** Opening RECORDED DATA block **

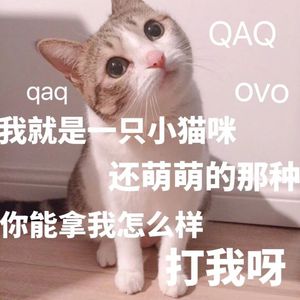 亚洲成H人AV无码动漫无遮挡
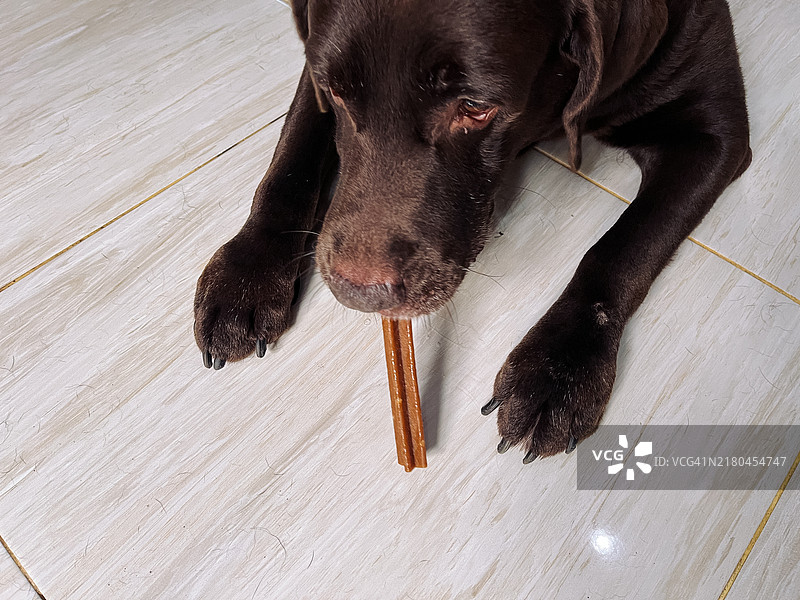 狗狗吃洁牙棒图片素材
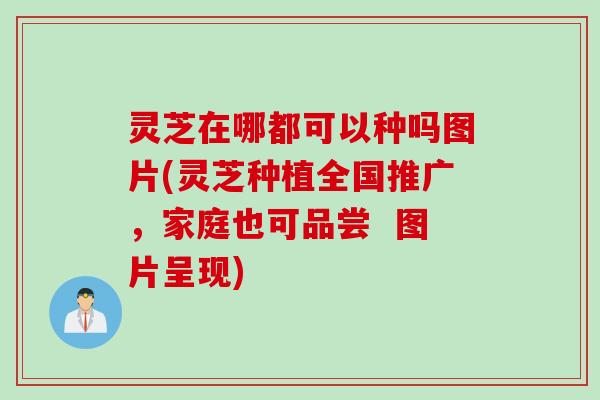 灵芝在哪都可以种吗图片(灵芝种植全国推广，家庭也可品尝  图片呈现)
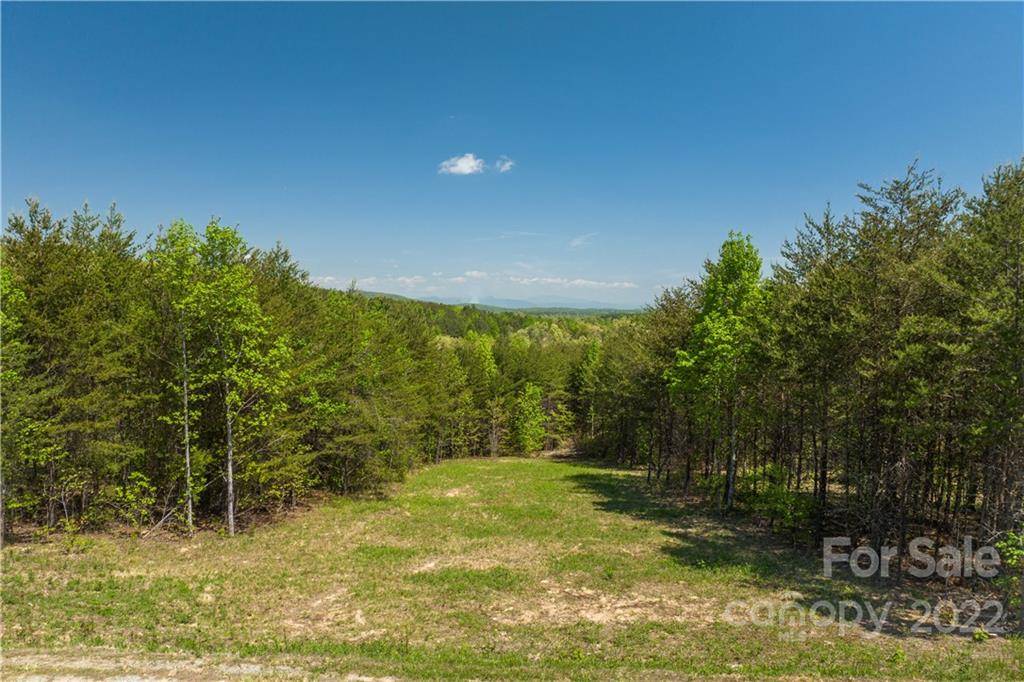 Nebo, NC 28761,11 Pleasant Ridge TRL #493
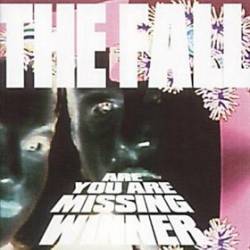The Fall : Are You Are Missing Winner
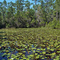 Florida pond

** Closing RECORDED DATA block **
** Opening RECORDED DATA block **

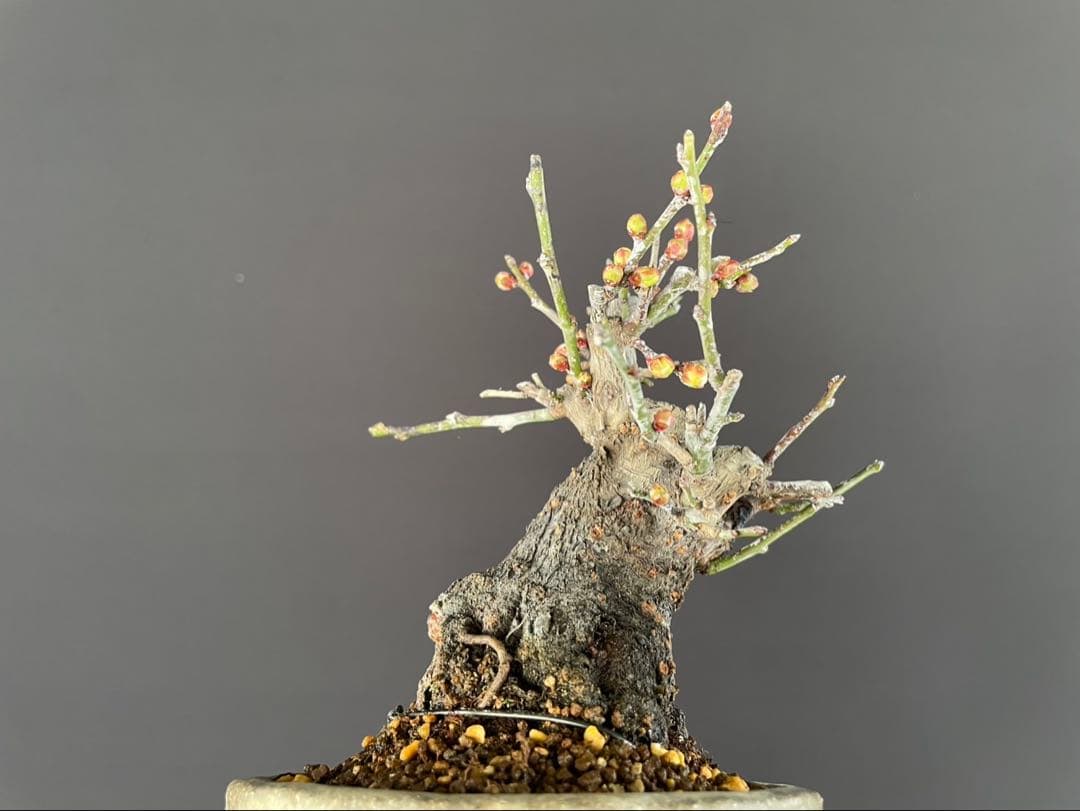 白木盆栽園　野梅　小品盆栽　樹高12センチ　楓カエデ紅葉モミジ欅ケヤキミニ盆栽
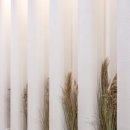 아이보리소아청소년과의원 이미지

** Closing RECORDED DATA block **

**AIM OF THE TASK**
Would you output only the span of the records above that opens with the line containing "The Fall : Are You Are Missing Winner" and closes with the line containing "Florida pond", ends included and pictures dropped?

**FINAL ANSWER**
The Fall : Are You Are Missing Winner
 Florida pond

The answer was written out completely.